A Operação “Diamante de vidro” cumpre 117 mandados de prisão, de busca e apreensão, de indisponibilidade de imóveis e de sequestro de veículos, nesta terça-feira (17), em Uberlândia, Araguari, Tupaciguara, Paracatu, Córrego Danta (Centro-Oeste de Minas), Jaíba (Norte de Minas), e em São Paulo (SP).
A ação é realizada pelo Grupo de Atuação Especial de Combate ao Crime Organizado (Gaeco) de Uberlândia em conjunto com as polícias Civil e Militar.
Ao todo, a Justiça de Uberlândia expediu 46 mandados de busca e apreensão, 28 mandados de prisão preventiva, além de indisponibilidade de 14 imóveis e sequestro de 27 veículos e 2 embarcações náuticas. A indisponibilidade de bens e de patrimônio dos alvos investigados decretada pelo Poder Judiciário é de até R$ 13 milhões.

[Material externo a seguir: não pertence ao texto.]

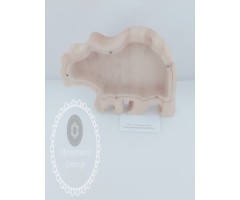 Μπομπονιέρα κουμπαράς αρκούδα - ξύλινο με πλέξι γκλάς διαφανές μπροστά, άνοιγμα επάνω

De acordo com o Gaeco, a Operação é voltada ao enfrentamento qualificado ao tráfico de drogas, corrupção, homicídios, extorsões, roubos, receptações, estelionatos e lavagem de dinheiro. Além de outros crimes apurados em mais de 21 inquéritos policiais, cujas investigações conjuntas ocorrem há mais de um ano por meio de uma força-tarefa integrada.
A ação foi denominada “Diamante de vidro” em referência ao início das investigações, que ocorreu da prisão de três suspeitos de estarem negociando diamantes em Uberlândia, em junho de 2020. Mas, no decorrer das apurações, foi verificado que o material apreendido não se tratava dessa pedra preciosa.
A operação nesta terça contou participação de 3 promotores de Justiça mineiros, 100 policiais Civis e 100 policiais Militares de Minas Gerais, assim como com o apoio da Polícia Civil de São Paulo e da unidade regional do Gaeco de Paracatu. Também foram empregadas na ação, 2 aeronaves, uma da Polícia Civil e outra da Polícia Militar de Minas Gerais.
Balanço
Foram realizadas 8 prisões preventivas decretadas pela Justiça, outras 3 prisões em flagrante, apreensão de 2 lanchas de luxo, 1 arma calibre 38, mais de R$ 120 mil em espécie, e mais de 20 veículos. As policias e o Gaeco ainda trabalham para realizar as outras prisões e apreensões.
“Além das prisões, tivemos a descapitalização do crime organizado em Uberlândia com as apreensões dos veículos e indisponibilidade de imóveis”, explicou o delegado-chefe da Polícia Civil de uberlândia, Marcos Tadeu de Brito Brandão.
Investigações
Conforme o Gaeco, as equipes investigativas constataram que os indivíduos atuavam de forma organizada e coordenada, na condição de integrantes de uma estruturada organização criminosa. O propósito principal tráfico de drogas, corrupção, homicídios, extorsões, roubos, receptações e estelionatos. Além de lavagem de dinheiro executada das mais diversas formas para ocultar os lucros ilícitos das atividades criminosas.
Pelo menos 46 integrantes deste grupo já foram identificados até o momento pelas apurações realizadas em conjunto entra as polícias Civil e Militar e o Gaeco de Uberlândia.